### PROBLEM:
Among the lines below, how many have the string "lives" in them? Only the number is wanted.

### EXTRACTED INFORMATION:

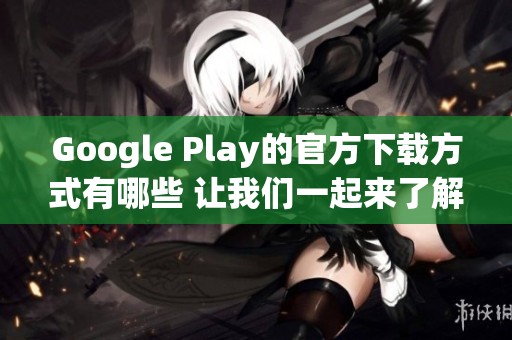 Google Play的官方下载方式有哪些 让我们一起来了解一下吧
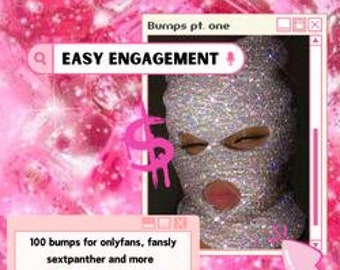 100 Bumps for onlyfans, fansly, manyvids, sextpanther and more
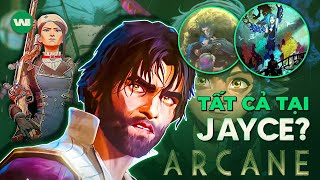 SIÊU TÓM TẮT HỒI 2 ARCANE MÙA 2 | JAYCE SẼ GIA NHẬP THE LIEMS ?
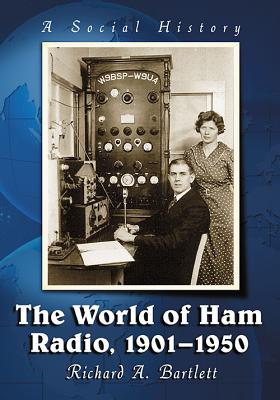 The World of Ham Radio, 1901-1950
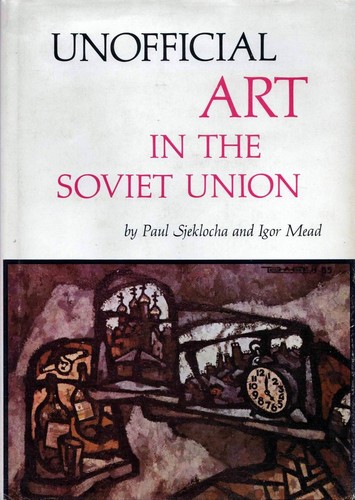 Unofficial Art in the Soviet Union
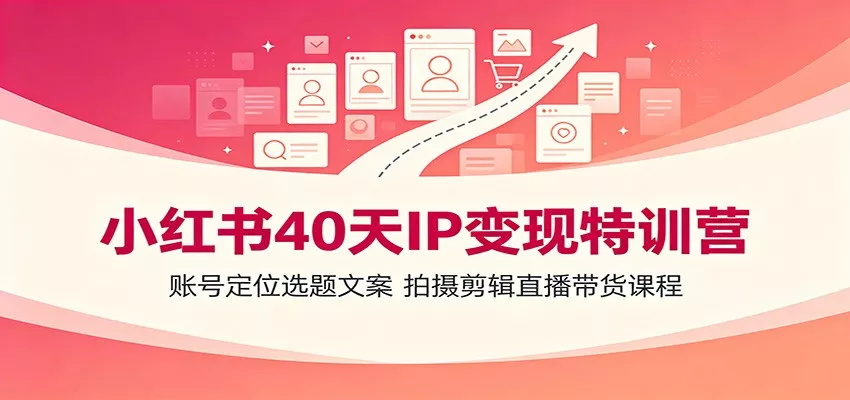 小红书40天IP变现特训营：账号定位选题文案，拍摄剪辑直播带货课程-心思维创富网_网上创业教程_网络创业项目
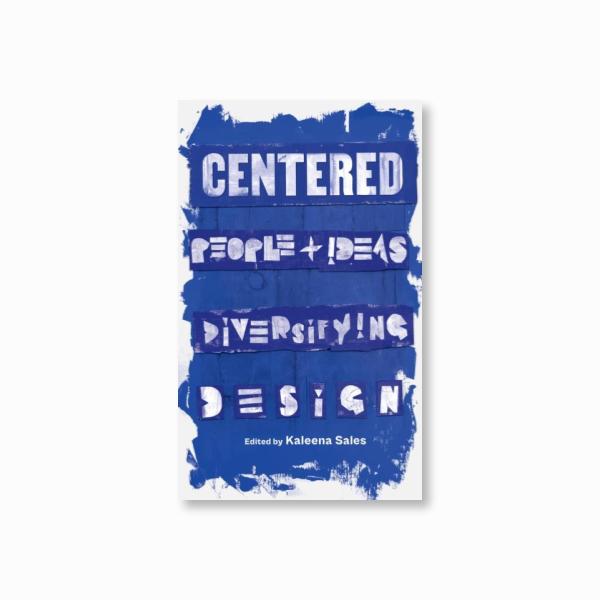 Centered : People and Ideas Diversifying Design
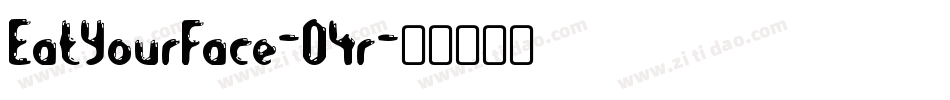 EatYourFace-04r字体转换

* * *

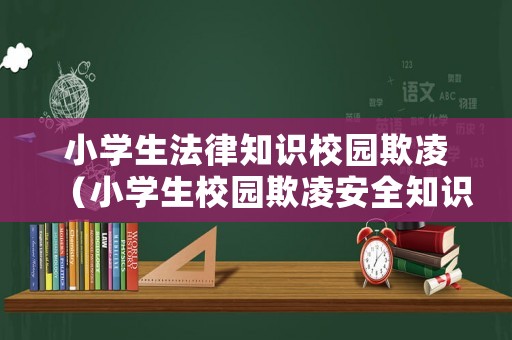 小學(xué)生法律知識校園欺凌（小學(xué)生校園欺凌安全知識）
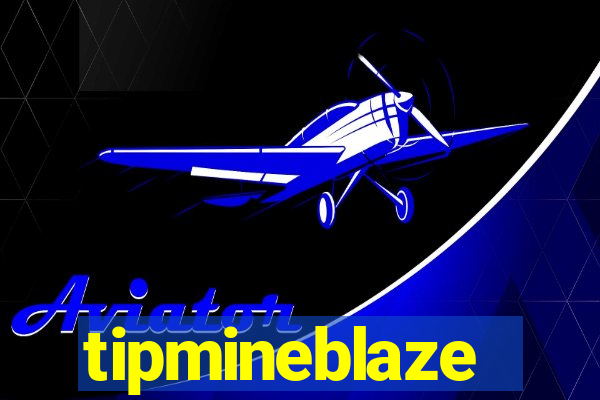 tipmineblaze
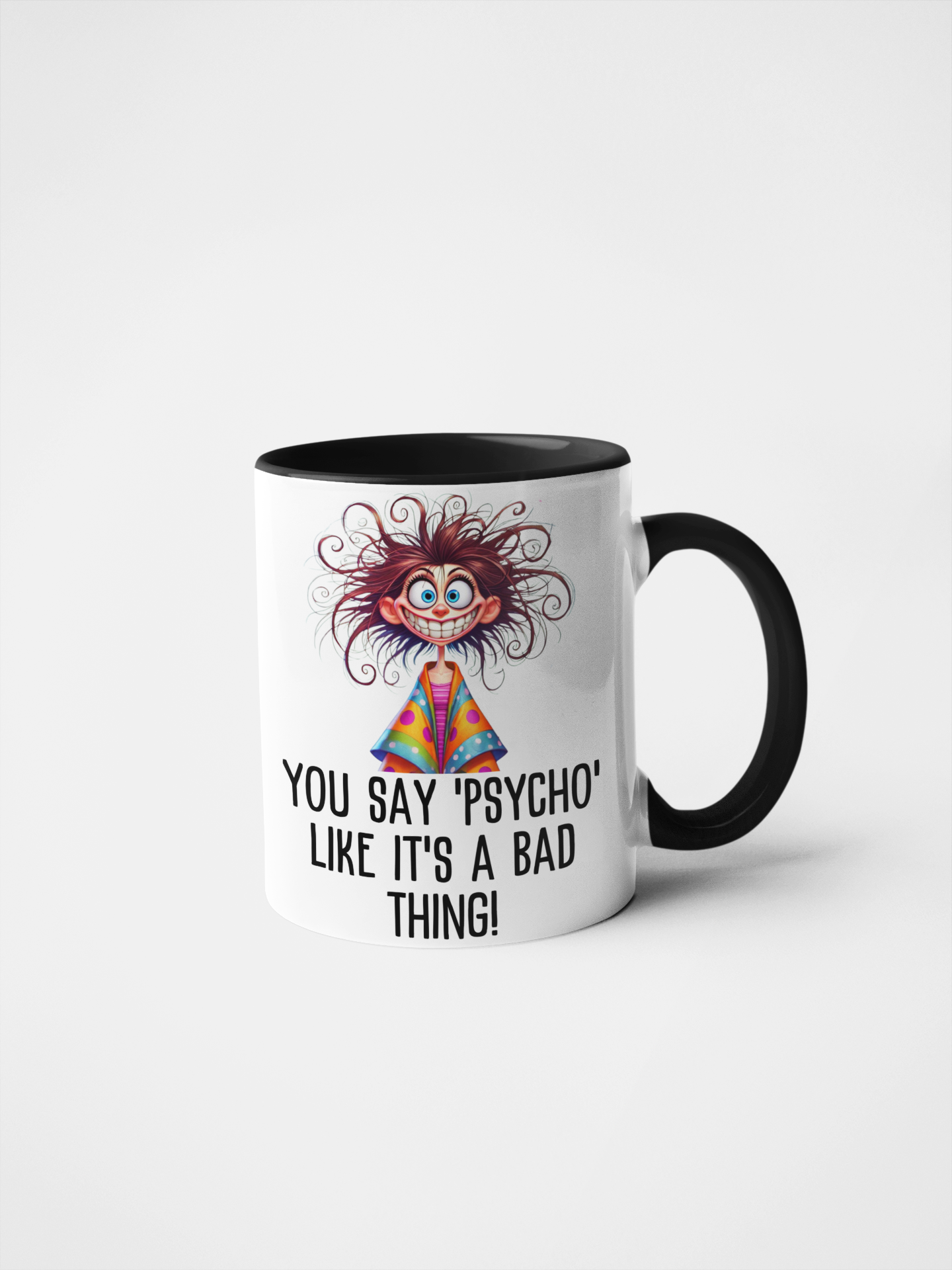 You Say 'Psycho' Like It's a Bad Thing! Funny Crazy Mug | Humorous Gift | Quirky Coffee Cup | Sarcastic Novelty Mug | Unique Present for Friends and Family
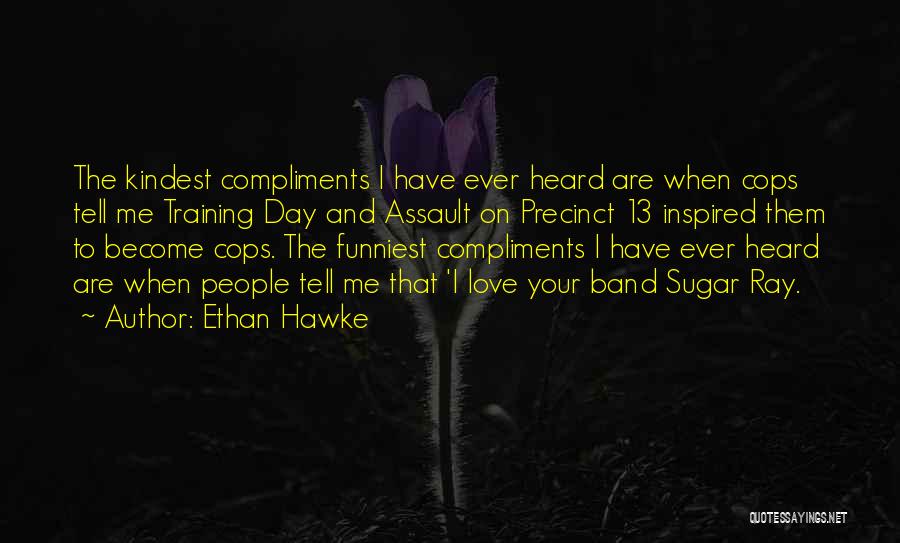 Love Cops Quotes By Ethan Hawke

...

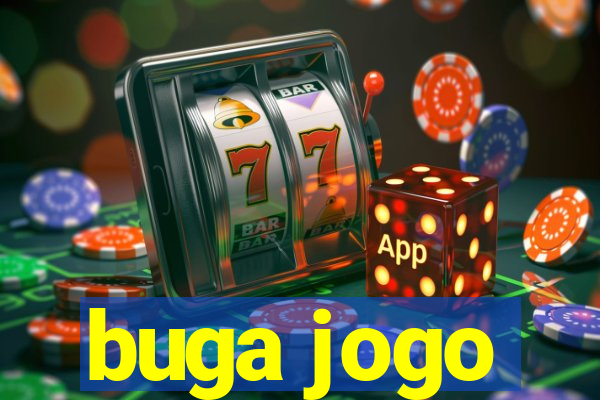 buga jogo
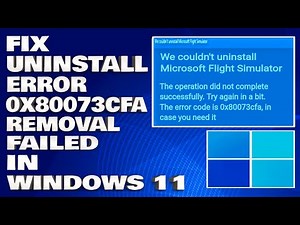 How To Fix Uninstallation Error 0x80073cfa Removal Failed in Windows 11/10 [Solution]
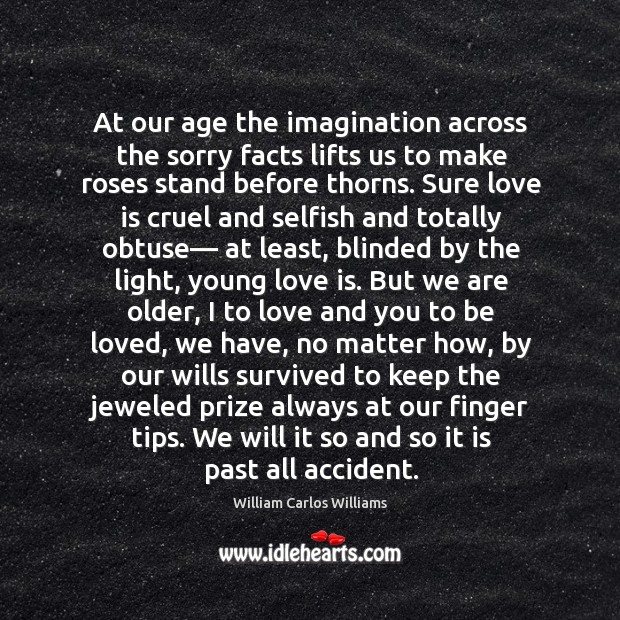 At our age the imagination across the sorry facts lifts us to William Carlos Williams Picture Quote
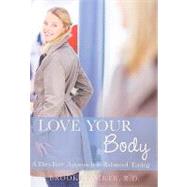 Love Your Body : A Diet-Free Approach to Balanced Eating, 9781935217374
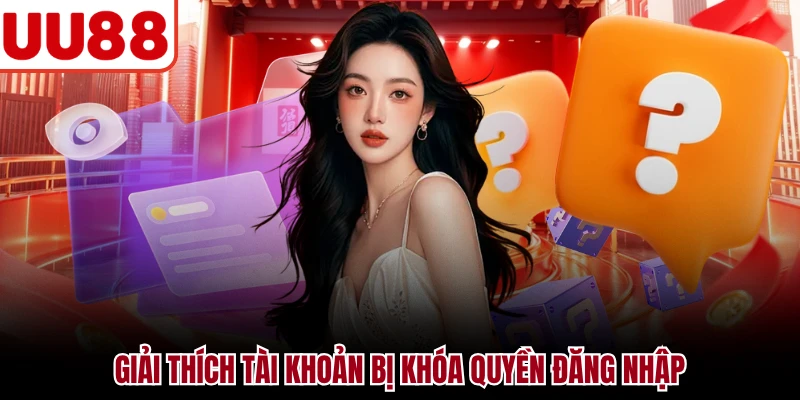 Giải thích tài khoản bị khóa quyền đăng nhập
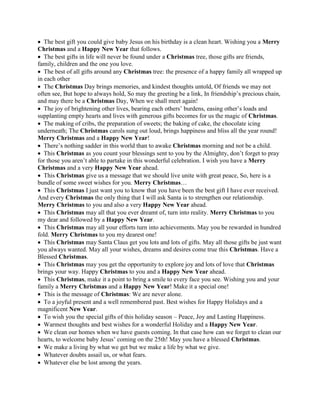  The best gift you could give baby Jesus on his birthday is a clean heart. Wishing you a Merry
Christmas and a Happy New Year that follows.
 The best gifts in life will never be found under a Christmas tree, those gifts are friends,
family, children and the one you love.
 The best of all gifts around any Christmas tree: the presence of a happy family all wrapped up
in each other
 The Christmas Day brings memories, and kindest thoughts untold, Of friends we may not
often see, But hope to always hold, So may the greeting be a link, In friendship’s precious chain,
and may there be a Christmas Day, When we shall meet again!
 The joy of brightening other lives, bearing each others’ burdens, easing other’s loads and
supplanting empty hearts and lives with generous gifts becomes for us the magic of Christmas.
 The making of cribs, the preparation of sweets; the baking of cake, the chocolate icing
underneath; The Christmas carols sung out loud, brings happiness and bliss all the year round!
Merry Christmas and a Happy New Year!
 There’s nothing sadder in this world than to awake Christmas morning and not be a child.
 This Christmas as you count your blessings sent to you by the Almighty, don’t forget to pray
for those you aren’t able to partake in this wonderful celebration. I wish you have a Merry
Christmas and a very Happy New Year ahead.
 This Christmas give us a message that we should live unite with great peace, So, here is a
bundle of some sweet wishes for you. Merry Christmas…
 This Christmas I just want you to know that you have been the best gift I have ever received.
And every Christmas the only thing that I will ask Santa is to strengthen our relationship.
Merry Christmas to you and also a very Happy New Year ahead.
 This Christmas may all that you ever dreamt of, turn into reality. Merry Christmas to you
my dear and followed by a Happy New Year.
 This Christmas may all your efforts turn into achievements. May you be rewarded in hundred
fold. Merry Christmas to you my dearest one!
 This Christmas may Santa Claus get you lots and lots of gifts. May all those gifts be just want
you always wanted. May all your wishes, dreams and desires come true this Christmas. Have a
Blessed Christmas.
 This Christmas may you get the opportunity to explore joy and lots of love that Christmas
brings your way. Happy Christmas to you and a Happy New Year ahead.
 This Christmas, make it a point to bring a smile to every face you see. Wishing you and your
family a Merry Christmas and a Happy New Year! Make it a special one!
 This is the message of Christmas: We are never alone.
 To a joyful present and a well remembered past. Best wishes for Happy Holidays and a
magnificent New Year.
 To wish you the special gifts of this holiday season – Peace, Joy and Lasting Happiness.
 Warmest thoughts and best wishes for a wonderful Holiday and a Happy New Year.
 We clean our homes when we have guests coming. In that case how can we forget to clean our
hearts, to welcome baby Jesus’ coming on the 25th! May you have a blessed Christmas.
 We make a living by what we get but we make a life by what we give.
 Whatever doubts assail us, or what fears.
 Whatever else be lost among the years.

### OUTPUT:
2